A Urinary Tract Infection May Cause an Older Person to be Confused
Prevalence of UTI in the Elderly
Urinary tract infections, with or without symptoms, are quite common in the elderly.
- According to a 2005 article in Drugs Aging by Florian M.E. Wagenlehner et. al. entitled Asymptomatic Bacteriuria in Elderly Patients, 20-25% of women and 10% of men over the age of 65 experience asymptomatic bacturiuria.
- People over 80 years are even more likely to develop asymptomatic bacteriuria: over half of women and over a third of men.
- According to The Merck Manual of Geriatrics, as many as 10% of all elders have symptomatic UTIs.
Asymptomatic (without symptom) UTIs in the elderly are usually not treated unless the benefits outweigh the risks, but recognizing and properly treating a symptomatic UTI in an elderly person may help prevent more serious infections and complications.
Common Symptoms of UTI in Elders
- Painful urination
- Frequency or more frequent urination
- Incontinence or incontinence that is unusual for that person
- Flank pain
- Fever
- Confusion or delirium
Common Risk Factors for UTI in the Elderly
- Use of urinary catheters
- Living in a long-term care facility or nursing home
- Hormonal factors such as estrogen deficiency in women
- Anatomical factors such as an enlarged prostrate in men or a cystocele in women
- Functional factors such as Parkinson’s disease or dementia
- Metabolic factors such as diabetes
- Factors related to immunity such as increased cytokines and acute phase proteins
Measures to Prevent UTI
Prevention is the best and safest approach.
- Limit the use of chronic indwelling catheters
- If a catheter is necessary, perform appropriate catheter care and consistently use appropriate infection control guidelines while maintaining a closed drainage system.
- Recognize and replace an obstructed catheter.
- Prevent catheter trauma, such as pulling on tubing with a transfer from bed to chair.
- Employ generally accepted hygienic measures, such as keeping the perineal area clean and dry and wiping from front to back.
- Oral lactulose showed promising results in a study published in the 1989 Journal of Hospital Infections entitled Lowered prevalence of infection with lactulose therapy in patients in long-term hospital care.
- Intravaginal estriol is often recommended for postmenopausal women with recurrent UTIs due to studies showing significantly lower rates of UTI with the use of estriol.
- Certain vaccinations may be recommended for special populations.

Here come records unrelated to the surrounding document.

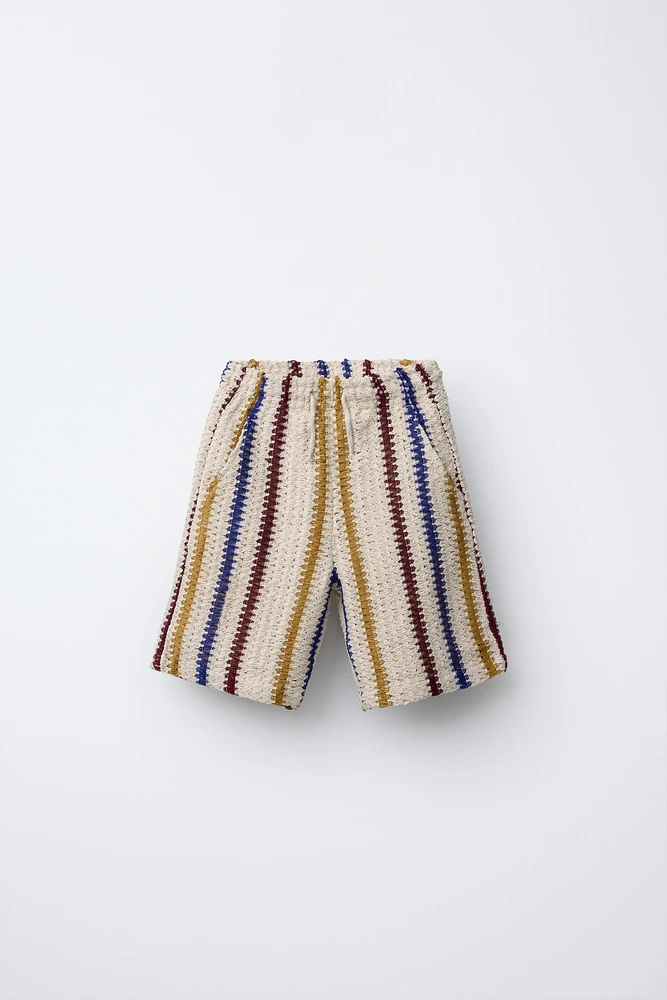 SHORT EN CROCHET À RAYURES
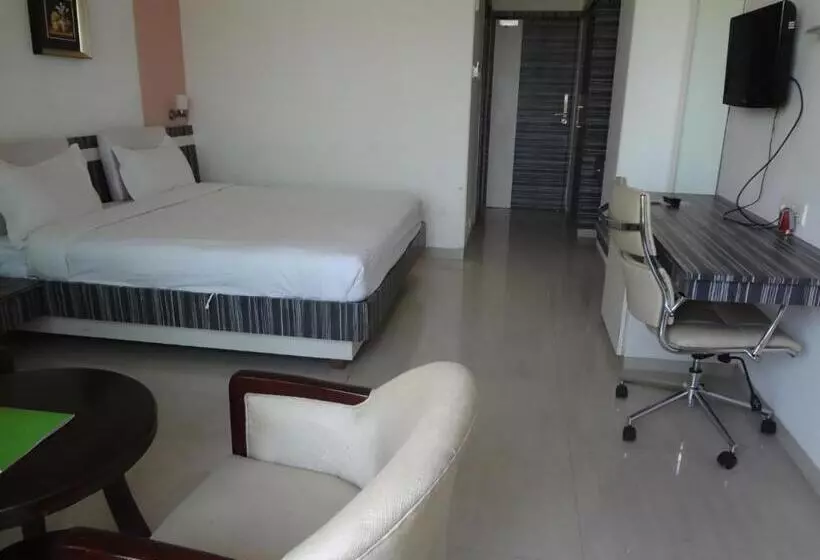 Отель Sea N Rock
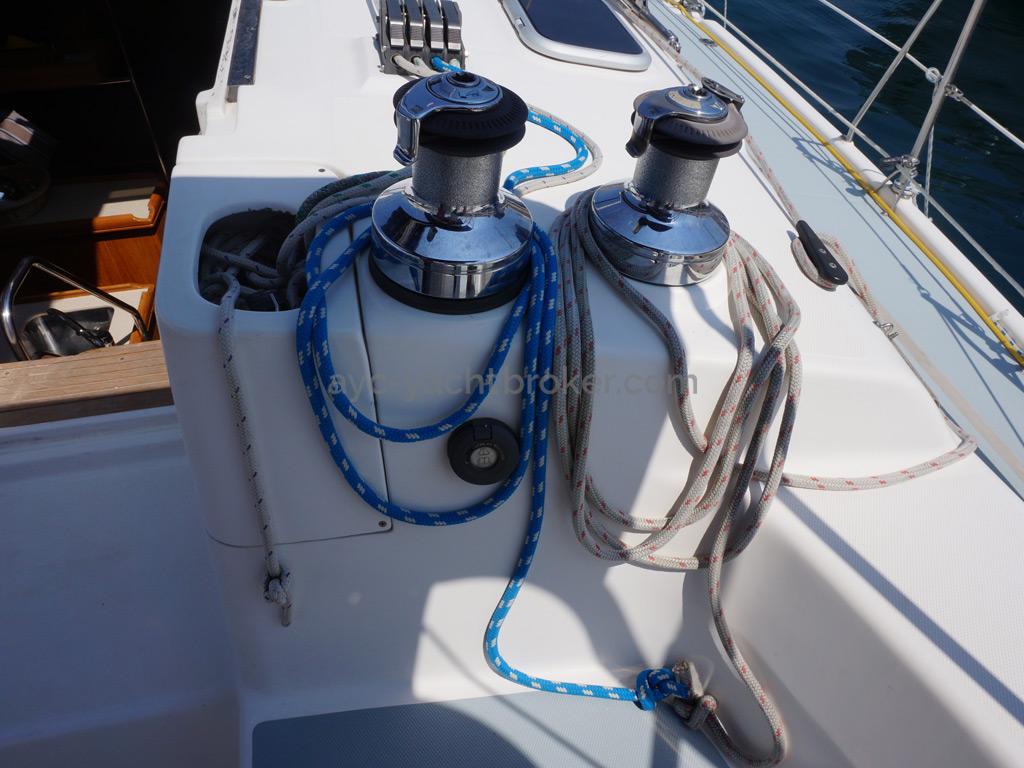 Hunter 466 - Roof winches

- Future studies are focusing on developing materials in urinary catheters that resist biofilm formation, according to a 2005 article in Drugs and Aging entitled Catheter-related urinary tract infections by Lindsay Nicolle.
Confusion May be Reversed
Is sudden confusion permanent? The answer to that may depend on whether or not and how quickly a cause is determined. Caregivers of the elderly should be particularly watchful for changes in an elder’s mental status and should contact a healthcare provider of any acute confusion or sudden worsening of existing confusion. Ruling out a UTI would be an appropriate early step if an elder suddenly became confused or had worsening confusion. Early treatment of a symptomatic UTI may prevent more serious symptoms and complications and can quite possibly result in a return to the elder’s normal mental status.

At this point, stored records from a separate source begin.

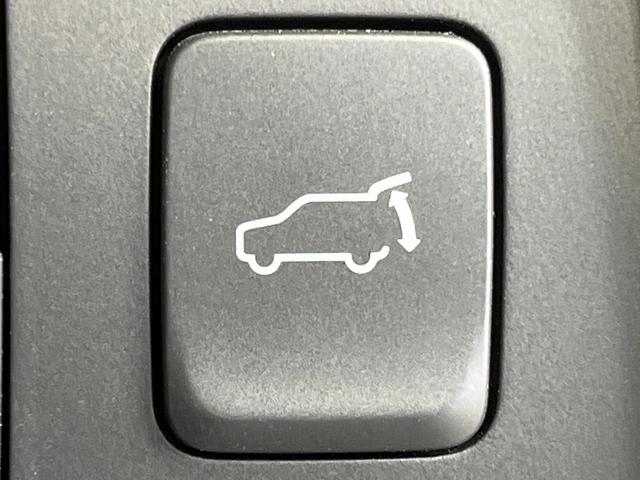 ＣＸ－５ ＸＤ　エクスクルーシブモード　禁煙車　マツダコネクトナビ　全周囲カメラ　ＢＯＳＥサウンド　衝突被害軽減システム　レーダークルーズ　電動リアゲート　レザーシート　前席シートエアコン　ドラレコ　全席シートヒーター　ＬＥＤヘッド（6枚目）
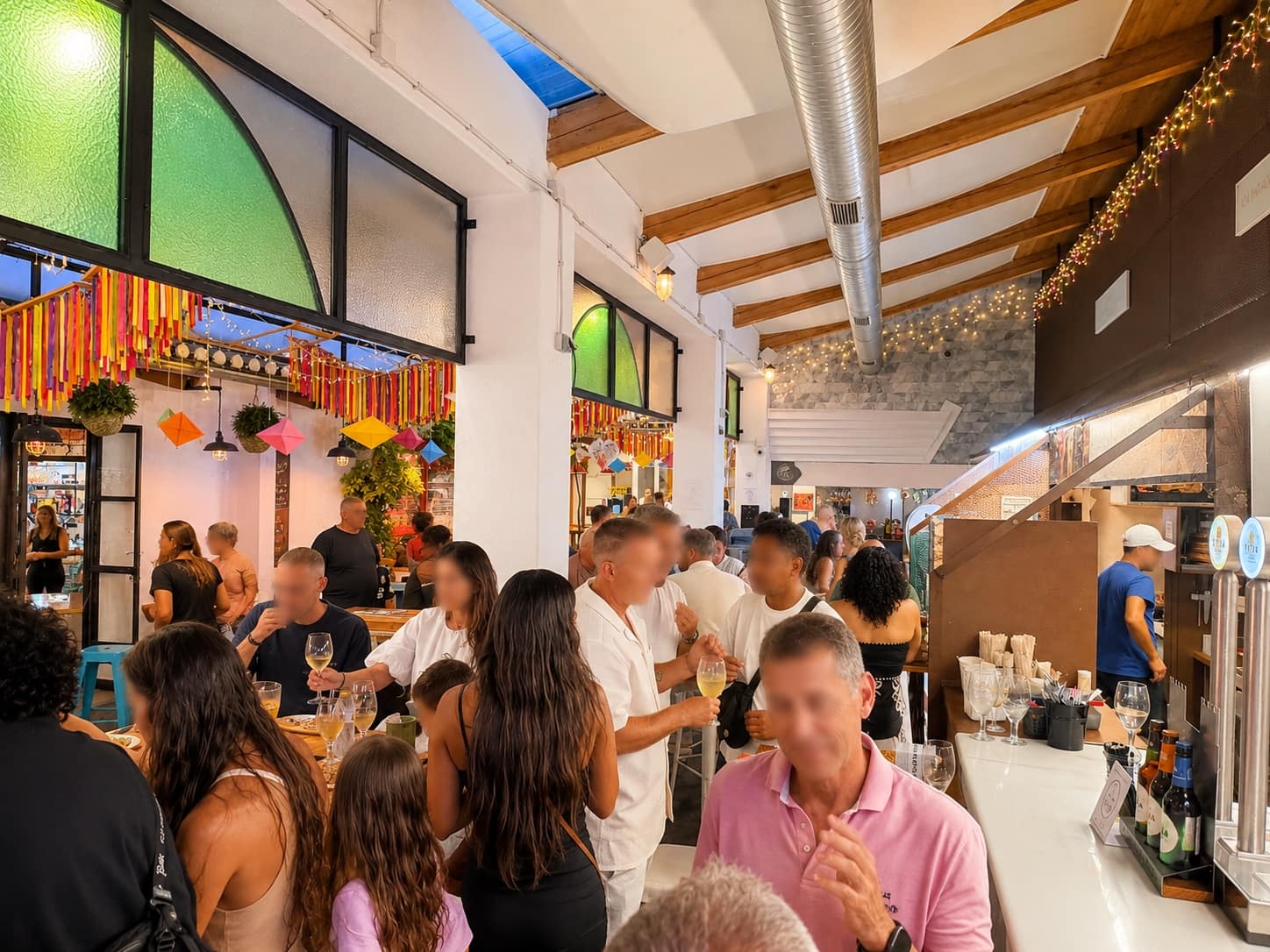 Commercial for rent in Denia - € 1,800 (Ref: 10033481)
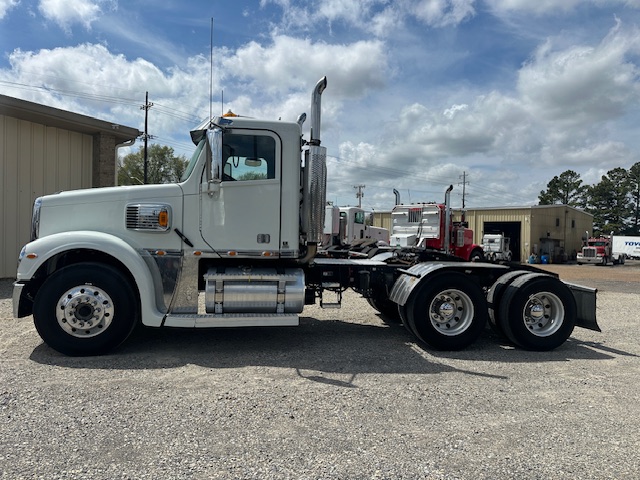 2020 FREIGHTLINER CORONADO DAYCAB GLIDER KIT photo 3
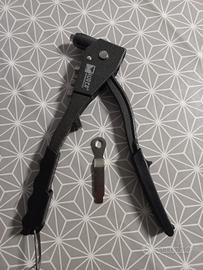 Pistola per rivetti Maurer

Source:http://seniors-health-medicare.suite101.com/uti_may_be_cause_of_sudden_confusion_in_elderly
2 comments:
Urinary tract infection home remedy for prevention of UTI's is successful and many people have stayed urinary tract infection free by just a slight change in habits and more so by learning to recognise what their particular 'trigger' is and developing a Urinary Tract Infection Action Plan" to treat , beat and it.
You have copied and pasted my article onto your site. I wrote this for Suite 101 several years ago. You are trying to make money off my research and writing - I spend hours on every article I write. Take down this and any other article that I have written that you have plagiarized or I will pursue this issue further.